Pablo Martinez Monsivais | AP

President Donald Trump has put defense spending levels among NATO-member countries front and center this week in Brussels, where he has repeatedly berated America's NATO allies for not meeting an agreed-upon goal for each country to spend 2 percent of its annual gross domestic product on defense.

And while Trump is the first president to let defense spending levels dominate his approach to NATO, Trump is not the first president to pressure NATO countries to increase the amount they spend on their national defense.

Both former presidents George W. Bush and Barack Obama regularly expressed frustration with NATO member governments for not spending more of their domestic budgets on defense.

In 2006, then-president Bush used a NATO summit in Latvia to pressure allies to increase their defense spending at the height of the U.S.-led NATO military campaign in Afghanistan.

Two years later, he used his final NATO summit to do the same thing. "At this summit, I will encourage our European partners to increase their defense investments to support both NATO and EU operations," Bush said at the opening of the 2008 summit in Bucharest, Romania. "America believes if Europeans invest in their own defense, they will also be stronger and more capable when we deploy together," he said.

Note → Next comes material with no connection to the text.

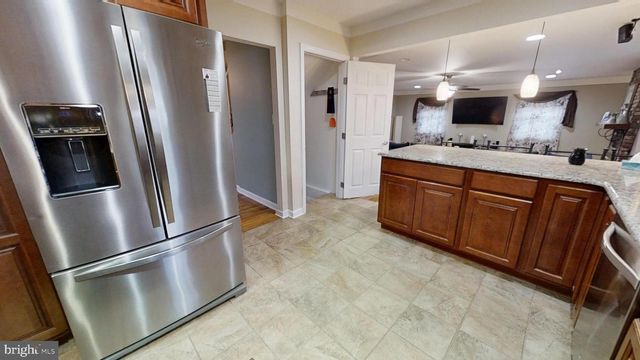 2201 IDA LN, Vineland, NJ 08361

And despite the many differences between Bush's foreign policy and that of Obama, his successor, one thing the two leaders agreed upon was the need for more defense spending from NATO allies.

For Obama, the issue of NATO defense spending became especially important during his second term, when Russia's arming of separatists in Ukraine and subsequent annexation of Crimea in 2014 stunned the West.

"If we’ve got collective defense, it means that everybody’s got to chip in, and I have had some concerns about a diminished level of defense spending among some of our partners in NATO. Not all, but many," Obama said at a press conference in Brussels in March 2014, less than a week after Russia declared that Crimea was now a Russian state.

NATO Secretary General responds to Trump's new 4% defense spending request
NATO Secretary General responds to Trump's new 4% defense spending request

"The situation in Ukraine reminds us that our freedom isn’t free, and we’ve got to be willing to pay for the assets, the personnel, the training that’s required to make sure that we have a credible NATO force and an effective deterrent force," Obama said. "So one of the things that I think, medium and long term, we’ll have to examine, is whether everybody is chipping in."

Two years after that, in late 2016, with Crimea firmly under Russian control and Trump now the president-elect, Obama again raised the issue of defense spending levels among NATO countries. This time, the president used the example of Greece's success in meeting the 2 percent spending target as an opportunity to take a subtle dig at those countries that still failed to do so.

"I want to take this opportunity to commend Greece for being one of the five NATO allies that spends 2 percent of GDP on defense, a goal that we have consistently set but not everybody has met,” Obama said at a press conference in Athens in mid-November. “Greece has done this even during difficult economic times. If Greece can meet this NATO commitment, all our NATO allies should be able to do so,” Obama said.

Additional examples abound of both Bush and Obama talking about NATO spending.

What makes Trump's comments in Brussels this week so different, however, is how central the issue of defense spending is to Trump's assessment of NATO's value, or lack thereof, to the United States.

It's an evaluation made all the more complicated by Trump's apparent failure to fully grasp how defense spending targets work in a treaty alliance such as NATO.

On Wednesday, Trump repeatedly spoke about defense spending as if NATO countries owed the United States the money they had not decided to spend on their own domestic defense budgets, and as if the 2 percent of GDP that is the target for each country all goes into one pot and the U.S. has been paying other countries' share of the pot.

"Frankly, many countries owe us a tremendous amount of money for many years back, where they're delinquent, as far as I'm concerned, because the United States has had to pay for them," Trump said on Wednesday morning. "So if you go back 10 or 20 years, you'll just add it all up. It's massive amounts of money is owed," he said.

In reality, none of this money is "owed" to any other country. These are domestic spending levels, or money that NATO countries decide to spend on their own individual militaries. Not money they pay to anyone else.

Still, Trump got at least one thing right. "This has gone on for many presidents," he said. "But no other president brought it up like I bring it up."